Intervention 7j/7 à Courréjean (33140)
Traitement termites & bois à Courréjean
Courréjean occupe la façade de la commune sur la Garonne, entre gravières et anciennes terres basses. C’est le secteur de Villenave-d’Ornon où l’eau est la plus proche du bâti — et l’eau est le premier facteur de dégradation des bois.
Notre intervention à Courréjean
BDX Termites Villenave-d’Ornon est un applicateur certifié CTB A+ et agréé Certibiocide. Nous prenons en charge à Courréjean l’ensemble des atteintes au bois et à l’humidité du bâti : termites souterrains, capricornes et vrillettes, mérule et champignons lignivores, charpentes fatiguées, murs gagnés par les remontées capillaires. Chaque dossier s’ouvre par un diagnostic gratuit sur place, parce qu’aucun devis sérieux ne se rédige sans avoir sondé les bois. Nos autres secteurs figurent sur la page quartiers d’intervention.

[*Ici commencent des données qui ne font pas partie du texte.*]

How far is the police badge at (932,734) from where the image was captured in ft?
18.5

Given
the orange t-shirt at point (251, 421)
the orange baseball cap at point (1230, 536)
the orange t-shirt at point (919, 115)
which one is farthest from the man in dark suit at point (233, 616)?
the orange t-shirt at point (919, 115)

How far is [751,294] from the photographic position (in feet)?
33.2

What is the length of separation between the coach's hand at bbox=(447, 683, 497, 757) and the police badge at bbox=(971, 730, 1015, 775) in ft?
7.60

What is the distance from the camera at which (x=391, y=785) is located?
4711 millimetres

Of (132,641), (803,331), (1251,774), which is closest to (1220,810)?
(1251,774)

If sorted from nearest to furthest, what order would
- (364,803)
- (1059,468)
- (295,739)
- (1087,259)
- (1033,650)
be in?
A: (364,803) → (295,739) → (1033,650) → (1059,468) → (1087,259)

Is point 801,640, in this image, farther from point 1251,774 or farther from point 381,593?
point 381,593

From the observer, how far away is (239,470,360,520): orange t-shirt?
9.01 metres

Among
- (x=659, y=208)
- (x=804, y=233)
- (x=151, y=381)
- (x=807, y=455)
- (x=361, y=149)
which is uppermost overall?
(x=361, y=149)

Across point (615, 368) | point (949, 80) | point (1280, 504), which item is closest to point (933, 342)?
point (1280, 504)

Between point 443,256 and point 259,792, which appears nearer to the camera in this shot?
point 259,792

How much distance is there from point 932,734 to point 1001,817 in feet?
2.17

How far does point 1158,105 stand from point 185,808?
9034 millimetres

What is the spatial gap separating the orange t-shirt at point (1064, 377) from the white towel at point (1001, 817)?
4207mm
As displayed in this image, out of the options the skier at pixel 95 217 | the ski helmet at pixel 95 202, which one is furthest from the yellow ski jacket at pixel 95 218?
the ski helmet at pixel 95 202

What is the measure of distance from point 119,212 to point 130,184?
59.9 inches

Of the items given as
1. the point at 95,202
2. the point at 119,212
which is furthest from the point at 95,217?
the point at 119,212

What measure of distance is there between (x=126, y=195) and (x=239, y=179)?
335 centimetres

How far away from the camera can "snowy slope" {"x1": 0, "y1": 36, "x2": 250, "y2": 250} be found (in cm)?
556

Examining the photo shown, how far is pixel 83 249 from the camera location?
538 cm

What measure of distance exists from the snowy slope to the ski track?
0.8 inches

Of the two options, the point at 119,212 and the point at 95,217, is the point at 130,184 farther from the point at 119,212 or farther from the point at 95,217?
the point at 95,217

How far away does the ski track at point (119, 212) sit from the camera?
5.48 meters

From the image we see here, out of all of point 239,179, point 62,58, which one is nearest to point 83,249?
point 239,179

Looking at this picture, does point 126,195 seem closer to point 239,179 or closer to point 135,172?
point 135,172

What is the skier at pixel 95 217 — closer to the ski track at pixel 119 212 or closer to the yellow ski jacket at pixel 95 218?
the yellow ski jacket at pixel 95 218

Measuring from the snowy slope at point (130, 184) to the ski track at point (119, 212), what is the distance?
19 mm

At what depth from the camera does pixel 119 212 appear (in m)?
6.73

Le bâti local — maisons basses des anciennes terres de palus, pavillons de bord de fleuve et constructions récentes sur vide sanitaire, souvent sur sols argileux — commande la méthode. Un plancher bas posé sur terre-plein, une charpente en pin maritime jamais traitée ou un sous-sol sans ventilation n’appellent ni les mêmes contrôles ni les mêmes produits. Nous établissons donc d’abord ce que nous avons devant nous, puis nous choisissons — et jamais l’inverse.

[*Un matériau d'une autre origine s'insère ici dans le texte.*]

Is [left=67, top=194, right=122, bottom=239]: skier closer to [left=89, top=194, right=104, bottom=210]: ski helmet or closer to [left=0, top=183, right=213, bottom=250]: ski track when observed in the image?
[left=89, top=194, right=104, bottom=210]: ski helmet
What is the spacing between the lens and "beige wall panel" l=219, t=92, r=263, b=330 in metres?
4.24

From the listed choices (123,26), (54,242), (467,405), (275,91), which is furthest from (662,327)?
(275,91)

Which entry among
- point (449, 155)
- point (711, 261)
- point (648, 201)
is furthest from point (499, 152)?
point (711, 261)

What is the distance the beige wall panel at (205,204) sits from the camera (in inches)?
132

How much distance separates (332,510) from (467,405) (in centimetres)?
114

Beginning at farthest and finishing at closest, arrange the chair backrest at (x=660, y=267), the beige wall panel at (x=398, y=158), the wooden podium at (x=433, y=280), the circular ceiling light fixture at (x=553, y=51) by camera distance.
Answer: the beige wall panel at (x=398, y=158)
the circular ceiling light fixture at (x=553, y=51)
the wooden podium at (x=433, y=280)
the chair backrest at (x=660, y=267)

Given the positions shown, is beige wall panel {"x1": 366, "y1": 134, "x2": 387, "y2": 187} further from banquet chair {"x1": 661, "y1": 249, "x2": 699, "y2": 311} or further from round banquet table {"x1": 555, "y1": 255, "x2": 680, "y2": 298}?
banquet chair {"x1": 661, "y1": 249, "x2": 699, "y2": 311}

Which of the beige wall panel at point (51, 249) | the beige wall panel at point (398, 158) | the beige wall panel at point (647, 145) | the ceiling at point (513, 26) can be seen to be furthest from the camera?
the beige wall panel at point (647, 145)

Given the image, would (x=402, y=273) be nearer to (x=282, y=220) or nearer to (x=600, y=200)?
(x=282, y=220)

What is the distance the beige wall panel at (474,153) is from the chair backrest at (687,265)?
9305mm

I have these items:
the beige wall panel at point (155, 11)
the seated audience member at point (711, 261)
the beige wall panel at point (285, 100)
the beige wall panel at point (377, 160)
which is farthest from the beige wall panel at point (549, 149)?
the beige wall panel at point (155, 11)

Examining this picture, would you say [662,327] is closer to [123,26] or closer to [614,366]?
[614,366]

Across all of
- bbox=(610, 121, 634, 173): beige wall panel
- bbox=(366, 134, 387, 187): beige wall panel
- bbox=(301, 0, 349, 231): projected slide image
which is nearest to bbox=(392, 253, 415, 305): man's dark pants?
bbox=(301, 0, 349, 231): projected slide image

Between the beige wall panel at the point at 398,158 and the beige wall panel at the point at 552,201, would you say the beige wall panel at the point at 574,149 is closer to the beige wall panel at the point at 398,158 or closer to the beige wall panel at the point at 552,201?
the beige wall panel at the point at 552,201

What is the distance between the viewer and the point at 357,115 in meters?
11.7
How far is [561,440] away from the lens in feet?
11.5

Ici, l’eau commande tout le reste — c’est pourquoi notre traitement des termites à Villenave-d’Ornon commence toujours par une mesure d’humidité, jamais par le choix d’un produit.
Nos prestations à Courréjean
Une seule équipe pour toutes les pathologies du bois et de l’humidité :
Traitement anti-termites
Repérer la colonie, couper ses accès au bâtiment et assainir les bois déjà creusés : la réponse complète aux termites souterrains.

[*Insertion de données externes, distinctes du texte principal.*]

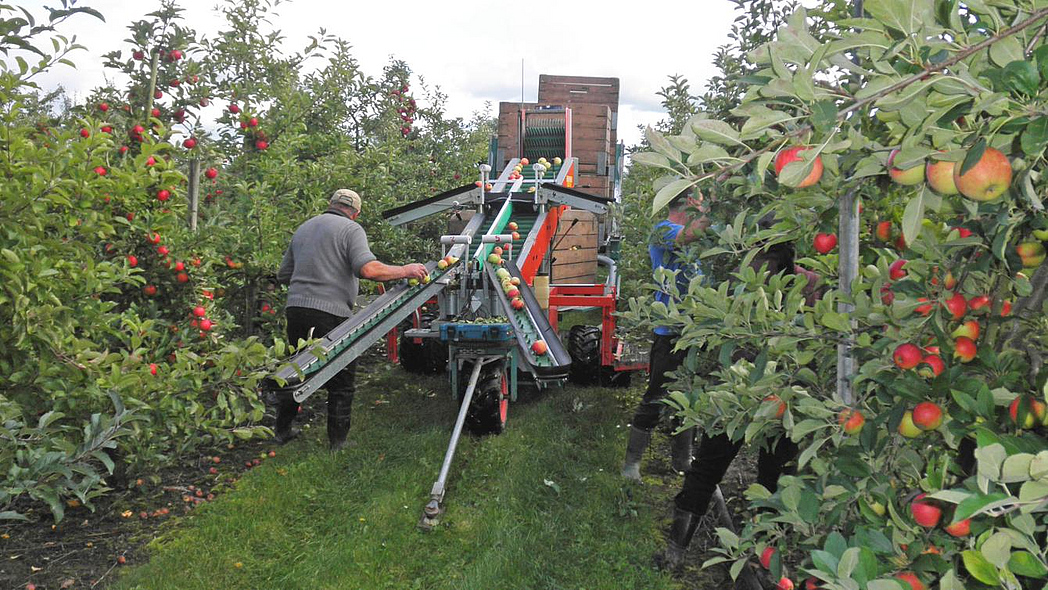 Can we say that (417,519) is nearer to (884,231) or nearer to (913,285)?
(884,231)

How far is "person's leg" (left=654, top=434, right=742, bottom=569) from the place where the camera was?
133 inches

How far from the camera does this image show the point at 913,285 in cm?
138

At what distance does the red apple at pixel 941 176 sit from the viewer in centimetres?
96

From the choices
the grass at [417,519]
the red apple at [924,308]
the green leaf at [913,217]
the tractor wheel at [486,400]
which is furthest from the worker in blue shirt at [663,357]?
the green leaf at [913,217]

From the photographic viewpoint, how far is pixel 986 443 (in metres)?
0.95

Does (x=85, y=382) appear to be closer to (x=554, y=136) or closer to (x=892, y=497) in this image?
(x=892, y=497)

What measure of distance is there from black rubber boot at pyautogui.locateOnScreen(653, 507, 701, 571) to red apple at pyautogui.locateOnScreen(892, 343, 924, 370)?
2.46 m

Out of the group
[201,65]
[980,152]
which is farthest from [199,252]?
[980,152]

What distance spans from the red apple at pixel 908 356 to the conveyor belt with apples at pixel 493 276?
246cm

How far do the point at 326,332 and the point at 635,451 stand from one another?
2487 millimetres

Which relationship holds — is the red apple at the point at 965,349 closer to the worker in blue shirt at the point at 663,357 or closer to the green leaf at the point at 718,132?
the green leaf at the point at 718,132

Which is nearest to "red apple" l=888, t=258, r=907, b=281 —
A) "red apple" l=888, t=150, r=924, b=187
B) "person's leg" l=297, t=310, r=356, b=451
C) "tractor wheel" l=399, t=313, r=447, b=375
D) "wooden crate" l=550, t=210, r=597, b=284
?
"red apple" l=888, t=150, r=924, b=187

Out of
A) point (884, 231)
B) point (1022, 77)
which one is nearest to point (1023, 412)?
point (1022, 77)

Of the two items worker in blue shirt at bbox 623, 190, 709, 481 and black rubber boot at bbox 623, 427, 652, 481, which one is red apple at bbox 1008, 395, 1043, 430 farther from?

Traitement des insectes xylophages
Capricorne, vrillette, lyctus : on ouvre le bois, on mesure ce qui reste de sain, puis on injecte pour arrêter les larves.
Traitement mérule & champignons lignivores
Un champignon lignivore ne repart jamais sans son eau : on détruit le foyer et on coupe l’humidité qui l’a nourri.
Traitement de charpente
Sondage pièce par pièce, bûchage des parties mortes puis traitement en profondeur des bois de structure encore récupérables.
Assèchement des murs & remontées capillaires
On mesure d’abord d’où vient l’eau — capillarité, infiltration ou condensation — avant de choisir barrière, drainage ou ventilation.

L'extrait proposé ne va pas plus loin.